Tuesday, October 09, 2018

Proposal: In like Flynn

Times out 4-0. Enacted by Brendan.

Adminned at 11 Oct 2018 21:19:30 UTC

Delete the sentence beginning with “If a Program’s Login is the same of characters…” from the rule “Terminals.”

Create a subrule of the rule “Terminals” called “Access” as follows:

If a Program’s Login is the same set of characters as the Input state of another Program, then the former Program has access to the latter Program.

Access is transitive: that is, if a Program A has access to a Program B, and Program B has access to Program C, then Program A has access to Program C.

A Program may change their own Input state as a Daily Action.

If a Program has access to another Program, the former Program may change the latter Program’s Output state as a Daily Action.

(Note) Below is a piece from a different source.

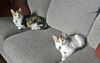 LILY & DAISY- Offered by Owner - Young Calicos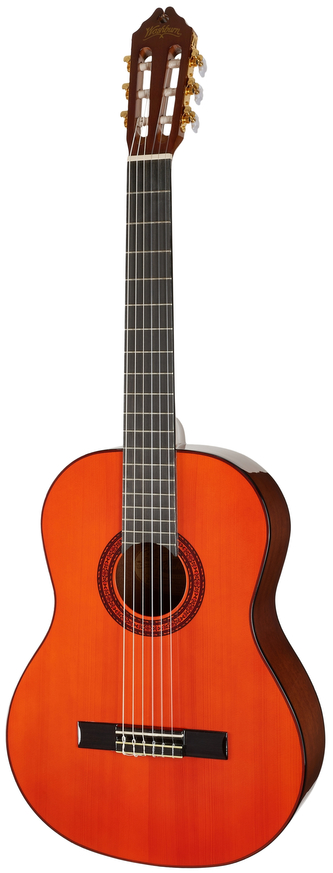 Kytara WASHBURN C5-A-U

The daily limit on this action is considered to resolve on a per-Program-pairing basis; that is, if a Program A has access to Programs B and C, then Program A may take actions to change Program B’s Output state and Program C’s output state within the same day.

Comments

derrick: he/him

09-10-2018 19:10:19 UTC

A few observations:

access is commutative, and it does not need to be specified that it is transative, because everyone in an access group has each others keys.

access can be gained and denied by simply changing your input state as a daily action.

All actions you could currently want to do on a given day you can do in rapid succession.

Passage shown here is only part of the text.